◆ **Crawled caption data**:
- Opening Delimiter -
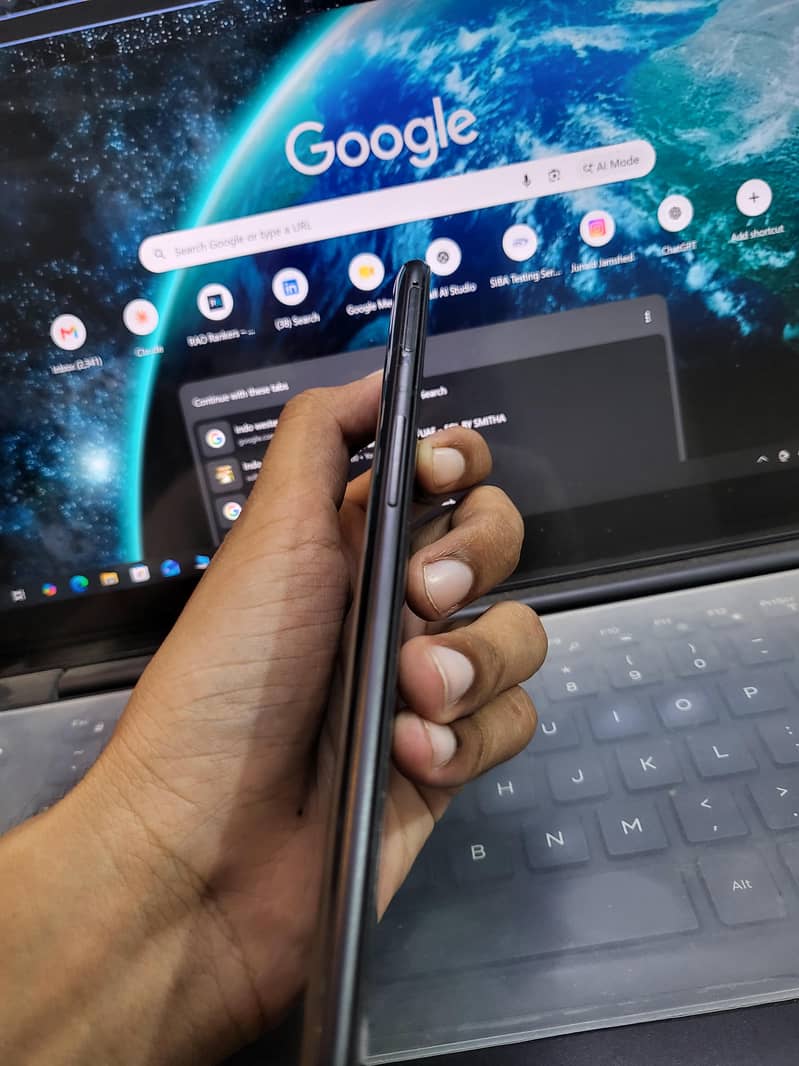 One Plus 6 3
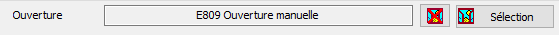 AffectOuvertureBaie.png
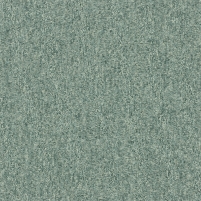 PX-3019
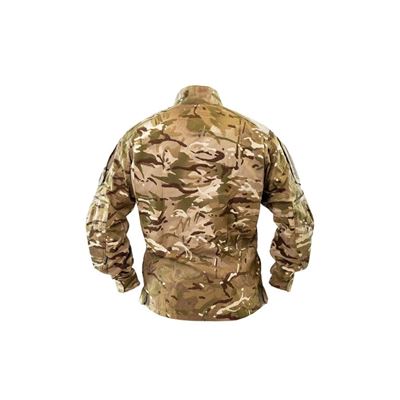 Bluza taktyczna ALPHA MTP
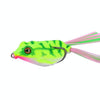 Bionic Thunder Frog Lure Bait Simulation Fishing Bait, Specification: 5.5cm/12g(17)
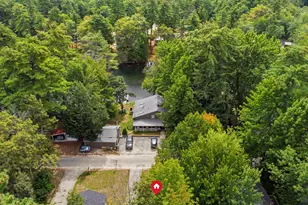 8 Pettingill Rd, Windham, ME 04062 - Photo 31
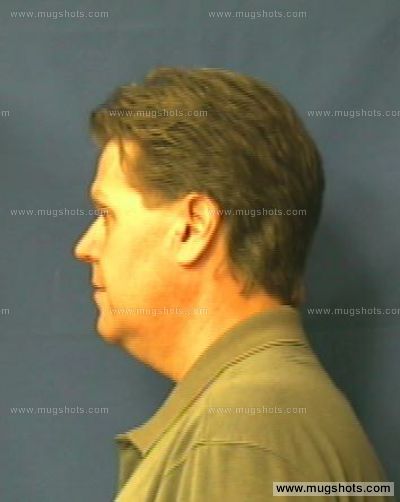 Curtis Lee Rutherford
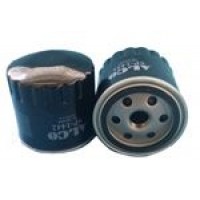 SP-1442 ALCO FILTER Масляний фільтр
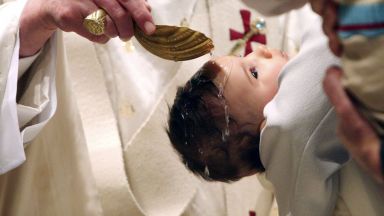 За поредна година най предпочитаните имена сред новородените през 2020 г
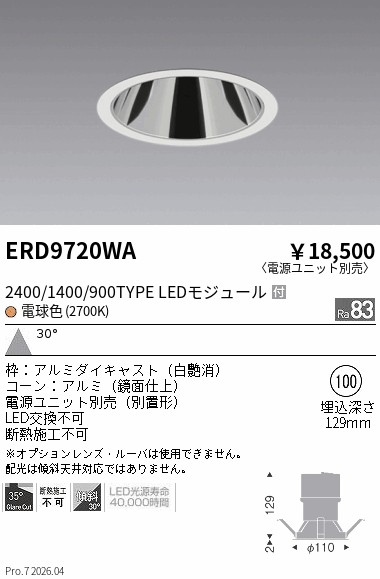 次世代調光調色Synca
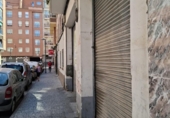 Oficinas en venta con 103m² en Zaragoza, A-68 foto
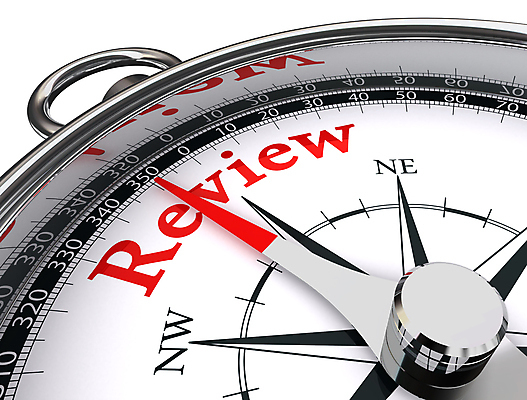 포토 JPG 해외이미지 디자인 교육 백그라운드 컨셉 일러스트 비즈니스 텍스트 통신 학교 성공 수업 사람없음 빨간색 단어 스터디 3D 검은색 웹 흰색 나침반 편지 방향 심볼 오브젝트 사인 북쪽 평가 동쪽 네비게이션 공유 남쪽 소통 고립 리뷰 서쪽 해외포토 문자 컬러 인터넷 학습 디지털합성 파일형식 이미지허브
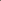 Premium-Kissen "Bibbs Stamp"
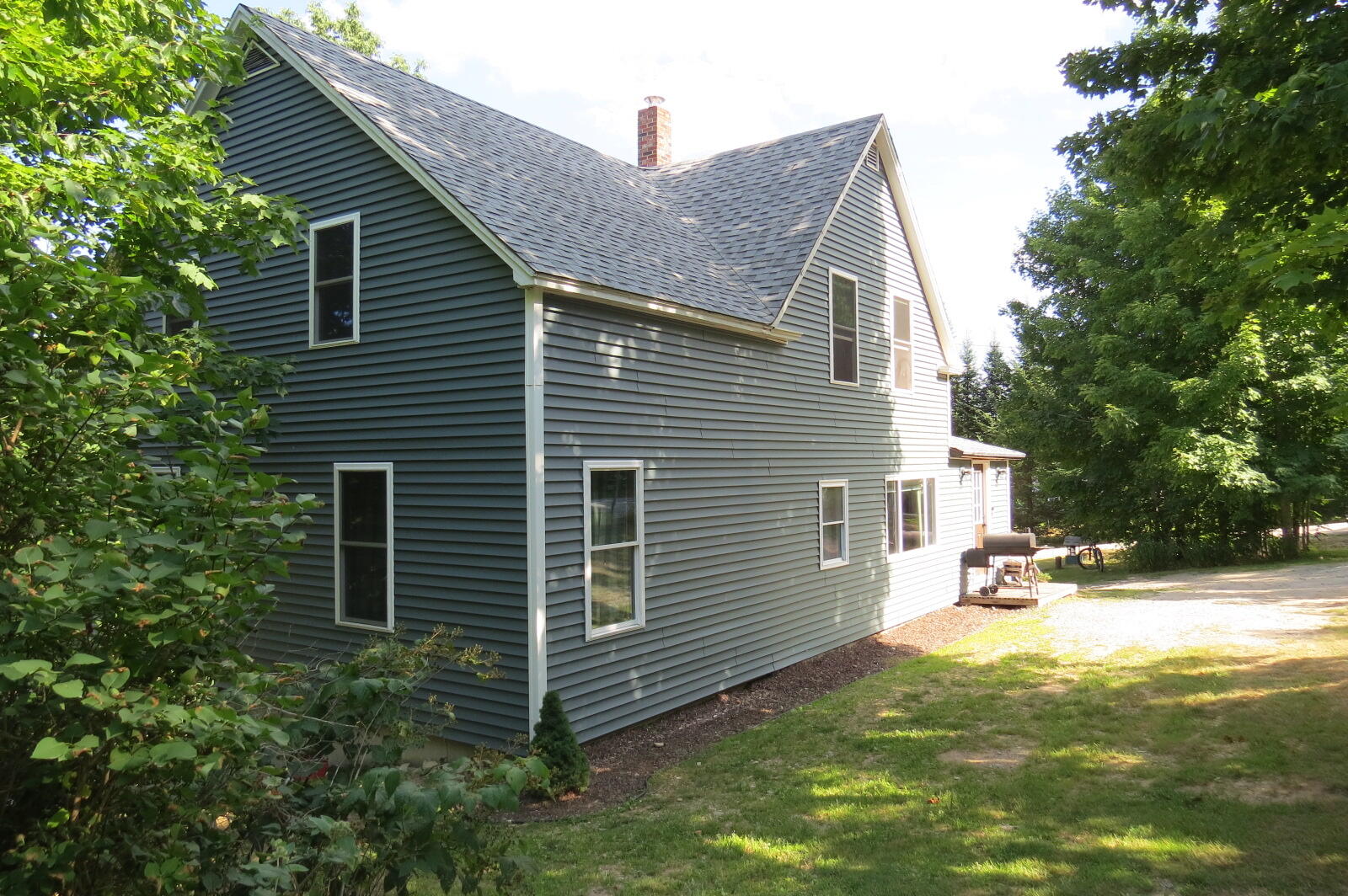 2195 Mariaville Road Ellsworth, ME 04605 - Photo 8 of 45 8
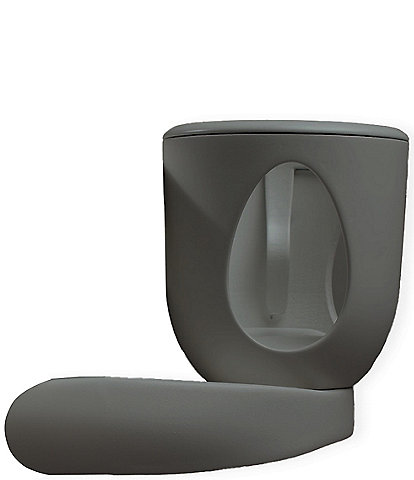 Babyark Cup Holder for Car Seat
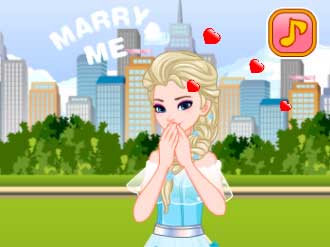 0/b4c9e8272fa6f01e4d03b2a5a915666aafe358/perfect-proposal-elsa.jpg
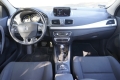Renault Megane 1.2 benzyna 115 KM polski salon nawigacja klimatronik tempomat - Zdjęcie 7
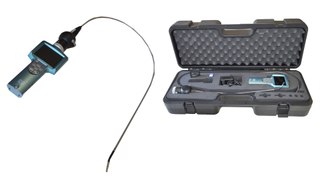 location endoscopes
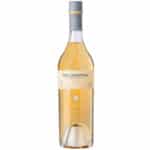 Valdespino Single Sherry Cask Dry Gin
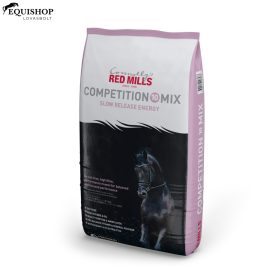 CONNOLLY'S RED MILLS COMPETITION 10 MIX 20KG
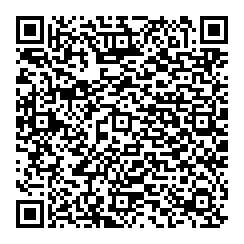QR Code for bitcoin:bitcoin:bitcoin:bitcoin:bitcoin:bitcoin:bitcoin:bitcoin:bitcoin:bitcoin:bitcoin:bitcoin:bitcoin:bitcoin:bitcoin:12Ax4a9omHJmjs2XDCXFbc5BgUYHQVzJSF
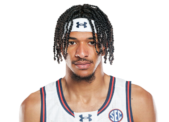 https://img.jingyuzhibol.com.cn/img/basketball/player/6c8f6c6ad132706e9c090739c59424e3.png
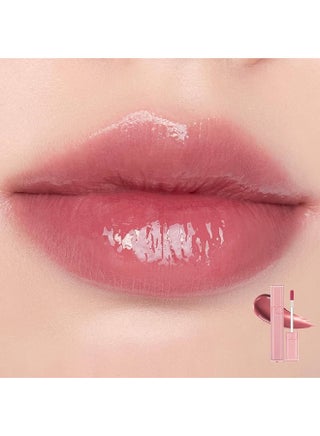 Dewy Ful Water Tint 13 Custard Mauve - view 3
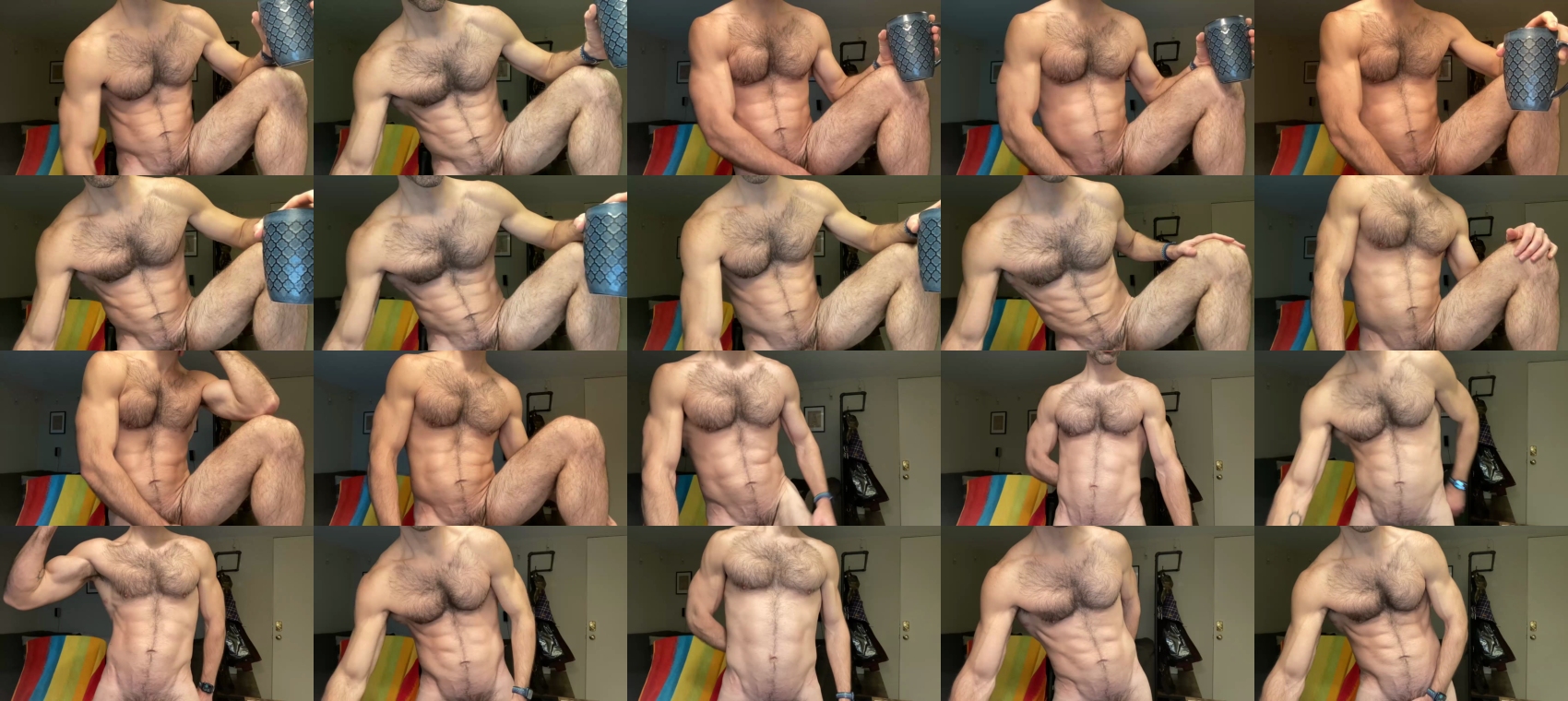 leojock2929  17-01-2022 video harddick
- Closing Delimiter -
◆ **WHAT IS NEEDED**: Every line from the one with "Renault Megane 1.2" through the end of the records above belongs in the answer, copied exactly; no picture does.

◆ **OUTPUT FOR THIS TASK**:
Renault Megane 1.2 benzyna 115 KM polski salon nawigacja klimatronik tempomat - Zdjęcie 7
 location endoscopes
 Valdespino Single Sherry Cask Dry Gin
 CONNOLLY'S RED MILLS COMPETITION 10 MIX 20KG
QR Code for bitcoin:bitcoin:bitcoin:bitcoin:bitcoin:bitcoin:bitcoin:bitcoin:bitcoin:bitcoin:bitcoin:bitcoin:bitcoin:bitcoin:bitcoin:12Ax4a9omHJmjs2XDCXFbc5BgUYHQVzJSF
 https://img.jingyuzhibol.com.cn/img/basketball/player/6c8f6c6ad132706e9c090739c59424e3.png
 Dewy Ful Water Tint 13 Custard Mauve - view 3
 leojock2929  17-01-2022 video harddick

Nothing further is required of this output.